In reply to this post by Thomas Davie

I don't think scanl can work here, since the monadic action has to be applied to the result of previous one and will have a side effect, so if you build a list like

[return i, return i >>= f, return i >>= f >>= f, ...]

the first action will do nothing, the second action will have a single side effect, but the third one will have 3 side effects instead of 2, because it operates on the side-effect performed by the second one.

This seems to work (a combination of manual state monad and foldM, I could also have used a state monad transformer I guess)

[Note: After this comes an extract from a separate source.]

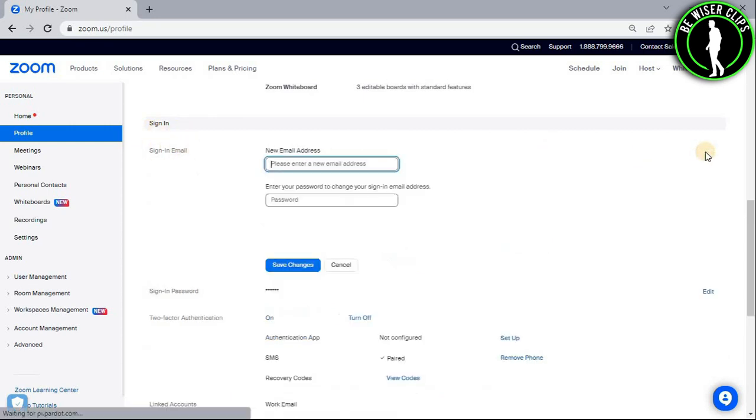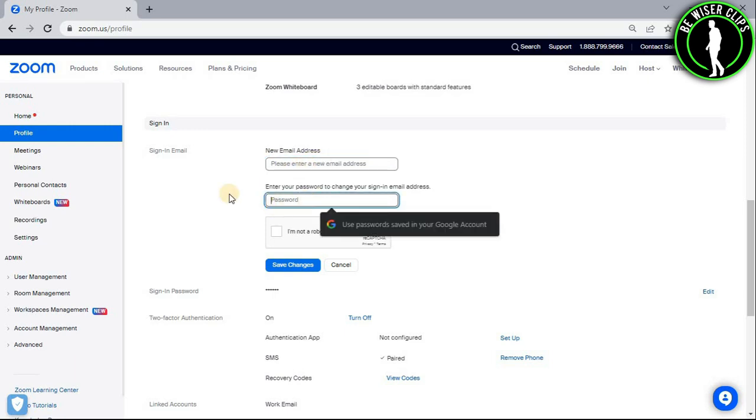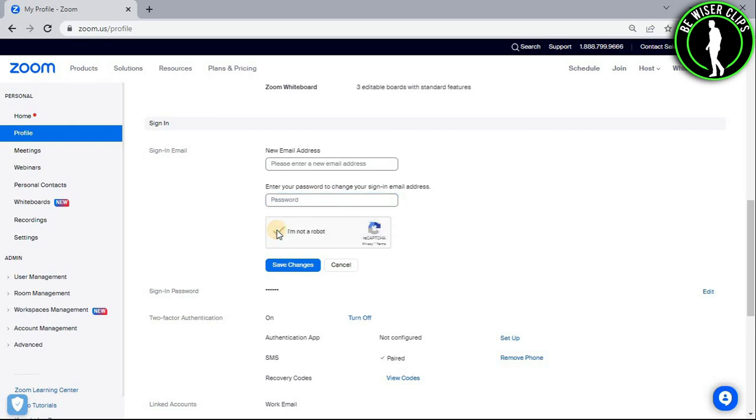Now select its edit option and now enter your new email right here. Now after that, you will need to enter your password right here and then select this I am not a robot option and then just select the save changes button right here.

iterateM n f i = foldM collectEffect (i,[]) (replicate n f) >>= return . reverse . snd

where

collectEffect (x,rs) f = f x >>= \y -> return (y,y:rs)

Ugly test:

var = unsafePerformIO $ newIORef 0

inc i = do

x <- readIORef var

let y = x+i

writeIORef var y

return y

results in

*Main> iterateM 10 inc 1

[1,2,4,8,16,32,64,128,256,512]

*Main> iterateM 10 inc 1

[513,1026,2052,4104,8208,16416,32832,65664,131328,262656]

but maybe this is not what you're looking for?

On Wed, Apr 8, 2009 at 5:30 PM, Thomas Davie <[hidden email]> wrote:

On 8 Apr 2009, at 17:20, Jonathan Cast wrote:

On Wed, 2009-04-08 at 16:57 +0200, Thomas Davie wrote:

We have two possible definitions of an "iterateM" function:

iterateM 0 _ _ = return []
iterateM n f i = (i:) <$> (iterateM (n-1) f =<< f i)

iterateM n f i = sequence . scanl (>>=) (return i) $ replicate n f

The former uses primitive recursion, and I get the feeling it should
be better written without it. The latter is quadratic time – it
builds up a list of monadic actions, and then runs them each in turn.

It's also quadratic in invocations of f, no? If your monad's (>>=)
doesn't object to being left-associated (which is *not* the case for
free monads), then I think

iterateM n f i = foldl (>>=) (return i) $ replicate n f

But this isn't the same function – it only gives back the final result, not the intermediaries.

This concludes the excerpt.